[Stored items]
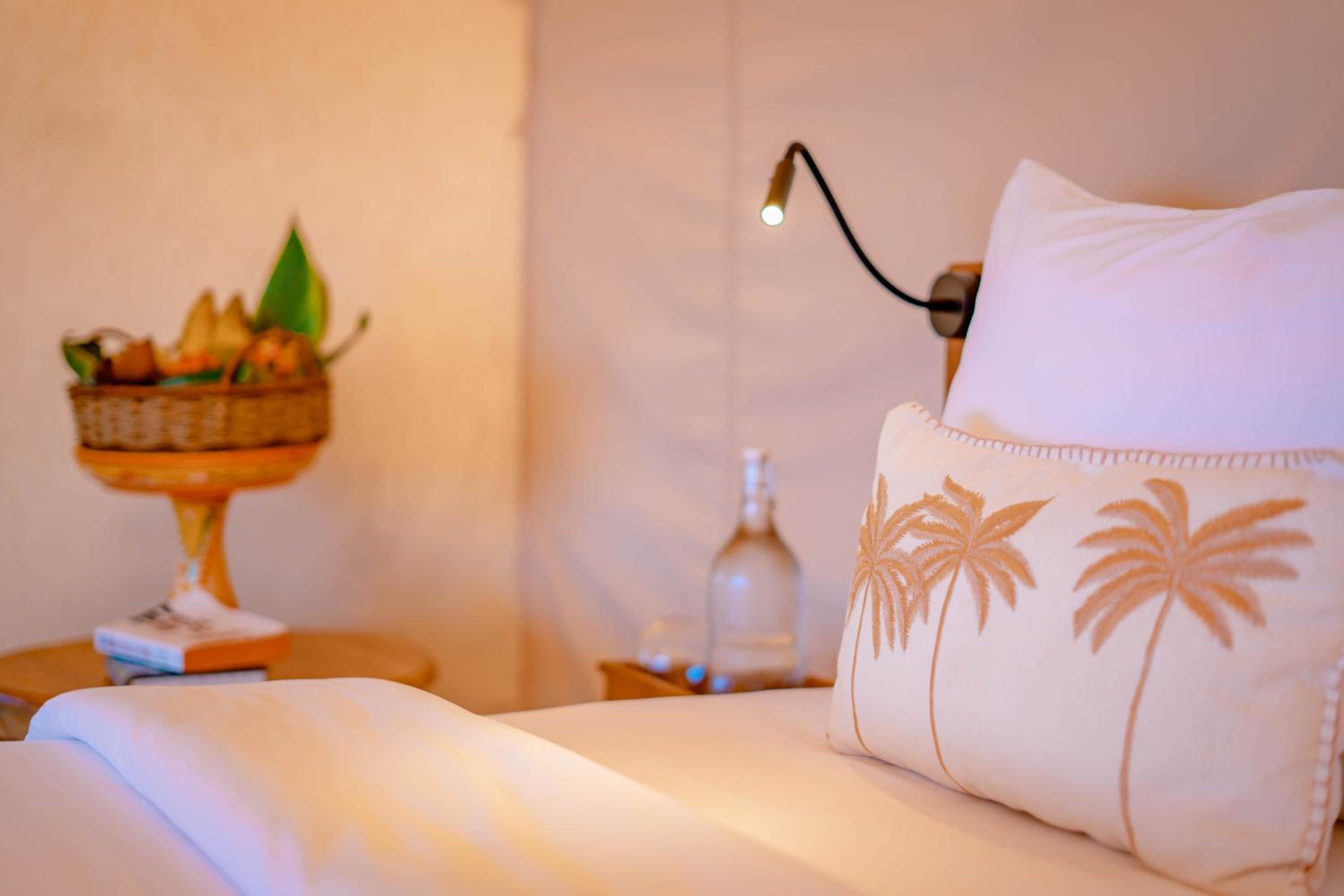 Deluxe Double Room with Balcony and Sea View - Photo 25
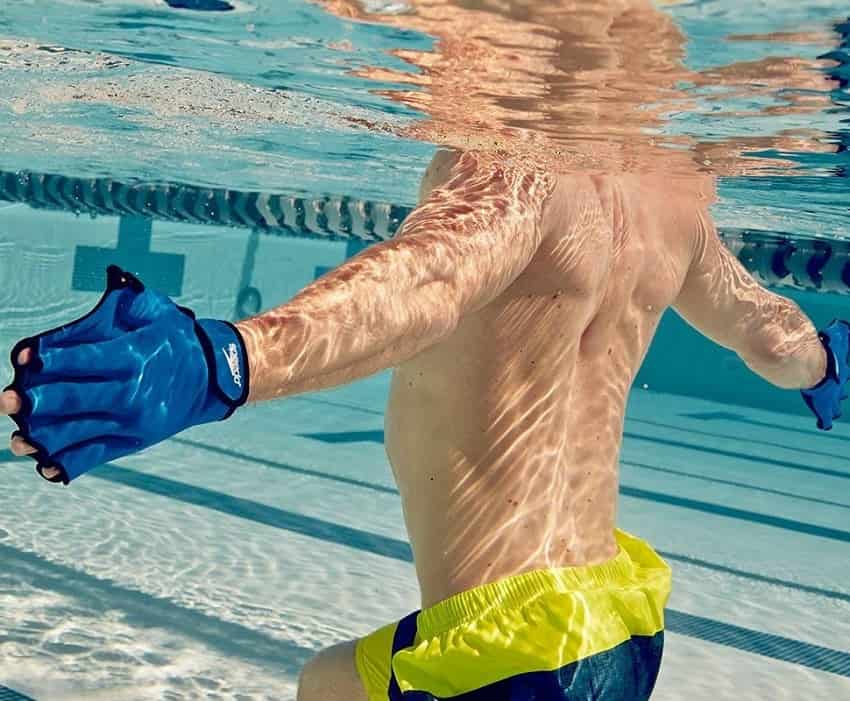 Best changing dry robes for open water or wild swimming | LincolnshireWorld
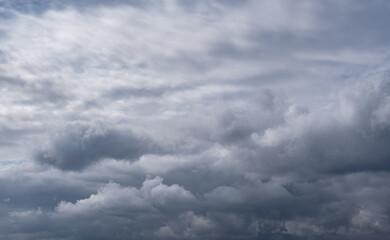 Obraz na płótnie Canvas dramatic sky and gray clouds before the storm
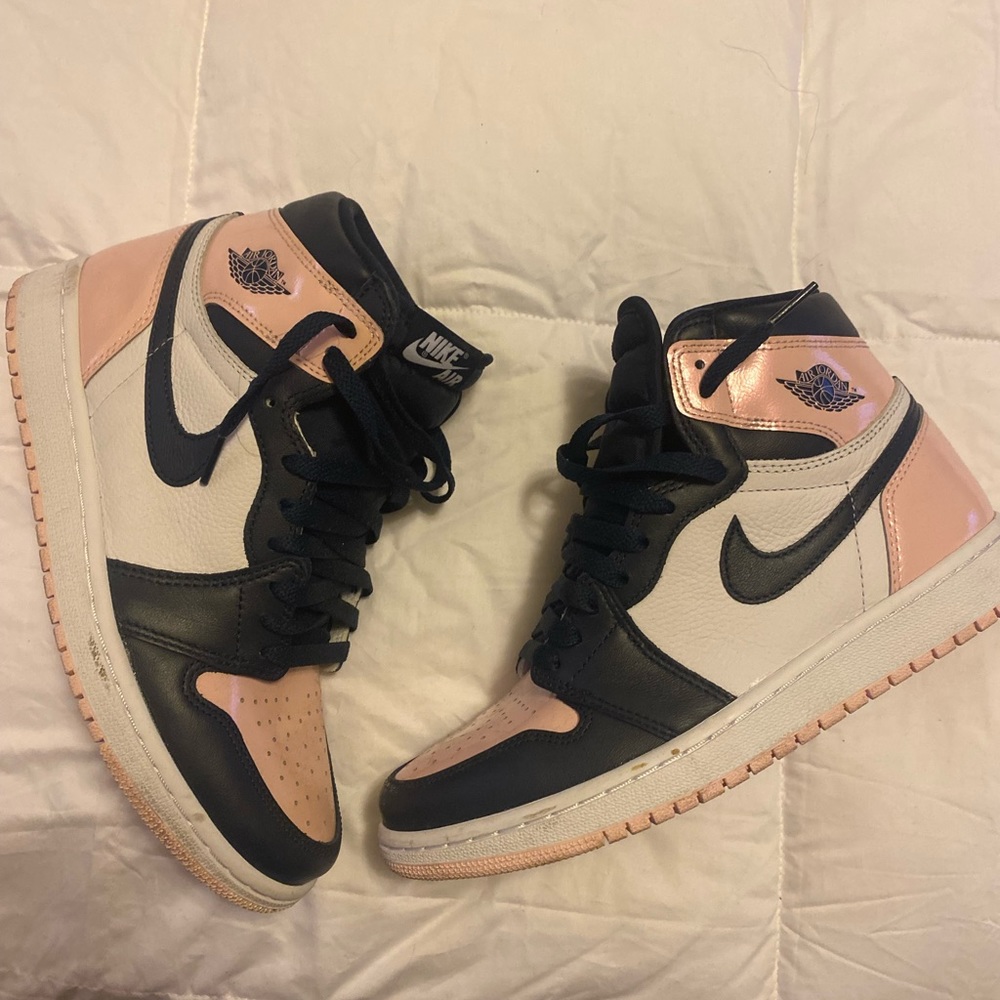 Nike W Air Jordan 1 Retro Hi size 8 Women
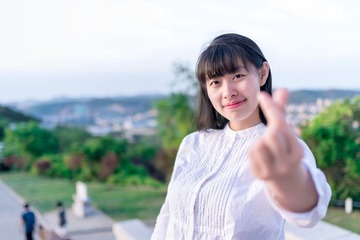 73379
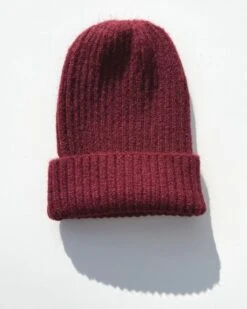 Beanie Mütze Jona -Herz Schmuck Geschaft beanies muetzen kopfbedeckung hut beanie unisex damen herren unifarbig style.fashion schweiz jona bordeaux rot 1 655936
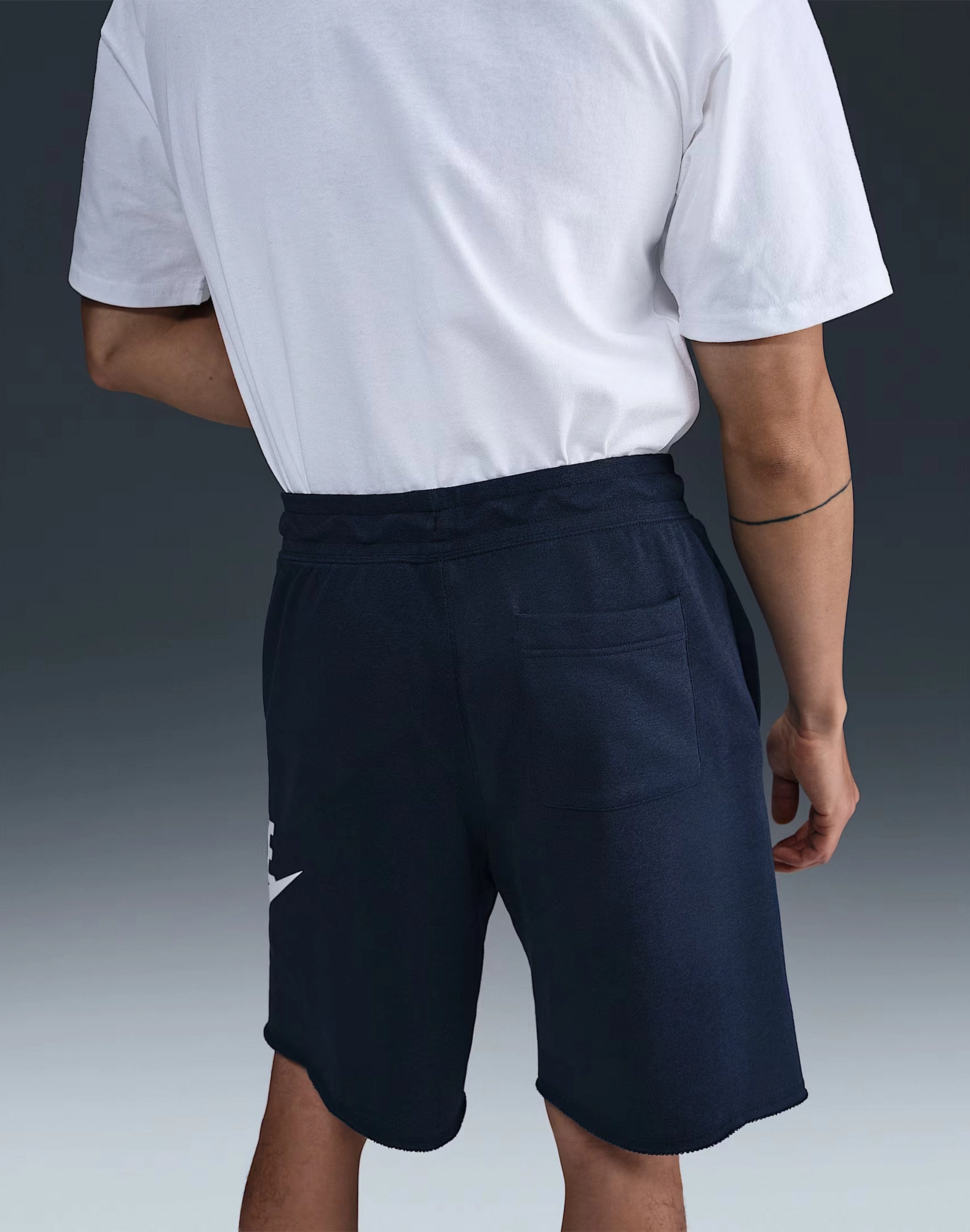 Nike French Terry Alumni Shorts Outerwear options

EXERCISE REQUIREMENTS: Make an exact copy of the lines above, starting at the line that contains "Best changing dry" and running through the final line of the entries. Omit the pictures.

EXERCISE RESPONSE:
 Best changing dry robes for open water or wild swimming | LincolnshireWorld
 Obraz na płótnie Canvas dramatic sky and gray clouds before the storm
 Nike W Air Jordan 1 Retro Hi size 8 Women
 73379
 Beanie Mütze Jona -Herz Schmuck Geschaft beanies muetzen kopfbedeckung hut beanie unisex damen herren unifarbig style.fashion schweiz jona bordeaux rot 1 655936
 Nike French Terry Alumni Shorts Outerwear options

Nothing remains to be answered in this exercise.